#### [Working data]
------------------------------------------------------------
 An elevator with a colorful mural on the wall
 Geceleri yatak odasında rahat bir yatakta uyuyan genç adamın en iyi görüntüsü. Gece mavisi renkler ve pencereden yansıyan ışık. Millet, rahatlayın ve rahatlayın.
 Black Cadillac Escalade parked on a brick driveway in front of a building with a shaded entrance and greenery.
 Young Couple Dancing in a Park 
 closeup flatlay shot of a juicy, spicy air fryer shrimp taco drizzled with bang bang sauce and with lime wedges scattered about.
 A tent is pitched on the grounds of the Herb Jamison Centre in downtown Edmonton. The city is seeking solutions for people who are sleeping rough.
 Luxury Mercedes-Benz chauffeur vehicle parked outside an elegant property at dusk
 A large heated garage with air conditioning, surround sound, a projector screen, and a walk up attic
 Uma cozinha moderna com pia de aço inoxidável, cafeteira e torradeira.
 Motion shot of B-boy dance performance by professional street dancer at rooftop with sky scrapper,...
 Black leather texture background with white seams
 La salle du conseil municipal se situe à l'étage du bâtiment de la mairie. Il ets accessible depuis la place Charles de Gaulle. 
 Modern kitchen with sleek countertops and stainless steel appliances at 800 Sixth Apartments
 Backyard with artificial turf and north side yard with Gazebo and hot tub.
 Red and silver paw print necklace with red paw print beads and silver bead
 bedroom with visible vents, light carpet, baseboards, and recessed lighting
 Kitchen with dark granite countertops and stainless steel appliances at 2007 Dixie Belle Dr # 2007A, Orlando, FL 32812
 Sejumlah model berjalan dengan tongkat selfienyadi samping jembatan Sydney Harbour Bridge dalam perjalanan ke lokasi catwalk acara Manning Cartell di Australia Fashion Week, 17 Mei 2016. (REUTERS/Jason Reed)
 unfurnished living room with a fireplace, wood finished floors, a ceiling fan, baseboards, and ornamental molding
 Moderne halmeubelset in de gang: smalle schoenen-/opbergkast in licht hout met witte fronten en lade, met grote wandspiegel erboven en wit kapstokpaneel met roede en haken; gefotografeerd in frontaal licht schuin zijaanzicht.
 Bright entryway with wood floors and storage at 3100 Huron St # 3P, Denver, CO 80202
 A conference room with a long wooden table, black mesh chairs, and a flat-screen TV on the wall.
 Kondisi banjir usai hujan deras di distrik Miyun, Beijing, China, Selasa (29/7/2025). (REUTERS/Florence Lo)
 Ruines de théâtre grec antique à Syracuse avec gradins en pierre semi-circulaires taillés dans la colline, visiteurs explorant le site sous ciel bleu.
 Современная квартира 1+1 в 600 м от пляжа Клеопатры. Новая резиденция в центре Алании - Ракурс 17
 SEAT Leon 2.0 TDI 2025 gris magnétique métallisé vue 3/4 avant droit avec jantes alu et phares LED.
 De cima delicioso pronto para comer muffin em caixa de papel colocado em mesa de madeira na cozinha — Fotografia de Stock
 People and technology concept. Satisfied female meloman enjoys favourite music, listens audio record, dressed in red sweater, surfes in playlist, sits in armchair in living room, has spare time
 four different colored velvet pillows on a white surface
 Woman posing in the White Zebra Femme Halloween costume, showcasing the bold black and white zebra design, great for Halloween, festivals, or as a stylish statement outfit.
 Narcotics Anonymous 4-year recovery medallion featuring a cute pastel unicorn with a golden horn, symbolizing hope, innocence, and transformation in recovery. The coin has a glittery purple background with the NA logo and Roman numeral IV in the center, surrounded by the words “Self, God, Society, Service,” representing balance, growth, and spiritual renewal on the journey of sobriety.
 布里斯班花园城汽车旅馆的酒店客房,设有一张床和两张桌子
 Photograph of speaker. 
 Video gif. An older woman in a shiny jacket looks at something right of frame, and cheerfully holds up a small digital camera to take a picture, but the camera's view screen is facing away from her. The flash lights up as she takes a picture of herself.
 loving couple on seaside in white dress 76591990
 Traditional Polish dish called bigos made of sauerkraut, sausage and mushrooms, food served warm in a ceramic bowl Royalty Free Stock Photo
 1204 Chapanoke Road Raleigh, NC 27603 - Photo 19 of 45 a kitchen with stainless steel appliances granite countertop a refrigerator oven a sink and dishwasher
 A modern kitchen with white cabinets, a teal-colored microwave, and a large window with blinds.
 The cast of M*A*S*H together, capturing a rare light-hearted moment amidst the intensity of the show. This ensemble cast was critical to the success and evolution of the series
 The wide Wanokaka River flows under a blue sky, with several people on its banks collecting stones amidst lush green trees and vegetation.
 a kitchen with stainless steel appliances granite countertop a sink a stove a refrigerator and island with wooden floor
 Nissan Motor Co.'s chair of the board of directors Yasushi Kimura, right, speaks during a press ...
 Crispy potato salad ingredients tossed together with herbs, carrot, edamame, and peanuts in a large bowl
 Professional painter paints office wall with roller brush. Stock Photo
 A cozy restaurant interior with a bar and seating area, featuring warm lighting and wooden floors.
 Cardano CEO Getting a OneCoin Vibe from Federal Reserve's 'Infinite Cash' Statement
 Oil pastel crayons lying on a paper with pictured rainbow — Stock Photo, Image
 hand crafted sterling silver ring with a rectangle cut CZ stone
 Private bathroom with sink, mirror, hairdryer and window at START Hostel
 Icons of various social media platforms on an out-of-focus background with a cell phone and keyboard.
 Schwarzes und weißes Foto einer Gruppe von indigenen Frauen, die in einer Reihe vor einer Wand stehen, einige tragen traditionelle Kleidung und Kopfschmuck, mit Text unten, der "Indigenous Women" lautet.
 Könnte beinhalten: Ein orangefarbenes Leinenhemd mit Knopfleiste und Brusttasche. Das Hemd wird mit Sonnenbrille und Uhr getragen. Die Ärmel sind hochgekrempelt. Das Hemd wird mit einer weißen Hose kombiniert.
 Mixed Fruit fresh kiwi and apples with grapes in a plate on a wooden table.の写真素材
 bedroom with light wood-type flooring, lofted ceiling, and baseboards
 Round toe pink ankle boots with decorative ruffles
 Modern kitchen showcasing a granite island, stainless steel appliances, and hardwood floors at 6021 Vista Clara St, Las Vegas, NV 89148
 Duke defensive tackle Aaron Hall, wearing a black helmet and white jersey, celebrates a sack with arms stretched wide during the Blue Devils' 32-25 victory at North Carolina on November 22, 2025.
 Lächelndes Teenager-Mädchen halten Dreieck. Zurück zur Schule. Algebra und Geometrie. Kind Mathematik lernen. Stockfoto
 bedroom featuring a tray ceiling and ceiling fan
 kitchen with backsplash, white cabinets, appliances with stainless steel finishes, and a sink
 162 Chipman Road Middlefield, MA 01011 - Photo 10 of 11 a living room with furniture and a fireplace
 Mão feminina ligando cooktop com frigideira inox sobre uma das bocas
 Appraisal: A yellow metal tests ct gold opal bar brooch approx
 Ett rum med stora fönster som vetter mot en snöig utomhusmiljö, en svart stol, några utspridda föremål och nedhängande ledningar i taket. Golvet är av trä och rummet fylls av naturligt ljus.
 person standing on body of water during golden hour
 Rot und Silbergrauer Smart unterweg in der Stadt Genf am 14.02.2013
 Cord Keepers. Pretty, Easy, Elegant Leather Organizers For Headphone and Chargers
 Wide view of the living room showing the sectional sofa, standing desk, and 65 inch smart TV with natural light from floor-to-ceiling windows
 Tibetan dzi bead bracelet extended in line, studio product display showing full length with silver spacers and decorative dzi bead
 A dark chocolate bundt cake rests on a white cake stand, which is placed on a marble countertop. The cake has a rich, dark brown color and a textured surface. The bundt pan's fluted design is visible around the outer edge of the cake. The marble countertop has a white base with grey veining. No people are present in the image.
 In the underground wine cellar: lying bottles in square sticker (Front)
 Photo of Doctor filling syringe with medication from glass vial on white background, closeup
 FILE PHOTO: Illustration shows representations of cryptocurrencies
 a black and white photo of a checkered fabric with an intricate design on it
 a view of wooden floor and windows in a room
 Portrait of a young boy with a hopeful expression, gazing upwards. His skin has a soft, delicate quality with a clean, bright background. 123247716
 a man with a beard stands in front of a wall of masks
------------------------------------------------------------
#### [Assigned task]
Note how many lines in the data above contain "pastel", then state that number alone.

#### [Solution]
2